65 S. Sandusky St.
Delaware, OH 43015
David Markwardt, Associate Dean of the OWU Connection
Project Title: The Berimbau: A Symbol of Enduring Angolan Cultural Heritage
Student: Quenton Stokes-Brown ’17
Mentor: Dr. Nicholas Crane
Taken to Brazil as slaves through the Transatlantic slave trade, various groups of people from the present-day nation of Angola brought with them a variety of cultural traditions that incorporated dance and music. Among these traditions were several forms of dance known as body games, which incorporated dance and combat movements. In Brazil, these body games would merge and become the artform known as Capoeira, a martial art that incorporates elements of dance and music. In addition to these body games, a unique musical bow instrument called the Mbulumbumba also endured through the slave trade. This instrument originated from the Mumuila people in southern Angola and is the predecessor to the Berimbau (an Afro-Brazilian musical bow), which is used to direct the movements of Capoeira performers through a series and complex rhythms called toques.
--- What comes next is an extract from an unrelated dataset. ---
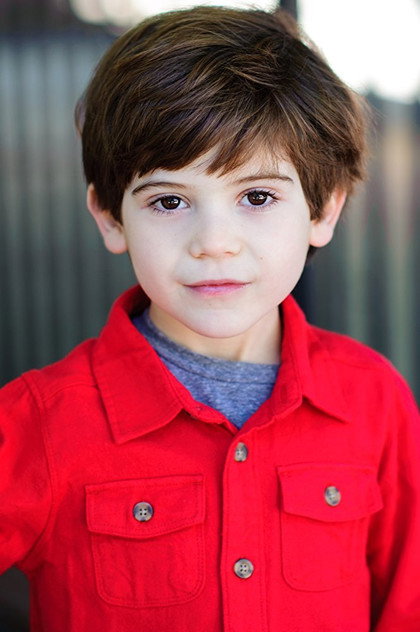 Zdjęcie Eli Michael Kaplan
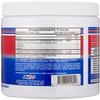 Chain'd Reaction - The Ultimate BCAA Amino Acid Recovery Aid for Muscle Growth, Blue Raspberry, 300 Gram view 2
Throughout centuries of turmoil due to the Transatlantic slave trade, European colonization, and wars for independence, many native cultures of Angola were destroyed or heavily diminished. The performance of musical bows fell victim to the these forces and these once popular instruments are now sparsely used. Now that Capoeira has been globalized, so has the use and performance of the Berimbau. This unique instrument is inextricably linked to Angola, and has traversed social and racial boundaries in a global context. The complexity of its construction and playing technique negates common representations of African music as simple, and its classification as a musical bow reveals the diversity and variety of African instruments.
In this presentation, I will demonstrate the musical complexities of the Berimbau and discuss its importance to the preservation of Angolan cultural heritage and similar musical bow instruments across southern Africa. I will perform specific toques on the Berimbau and use a digital presentation to display various images, rhythmic patterns, and brief video excerpts.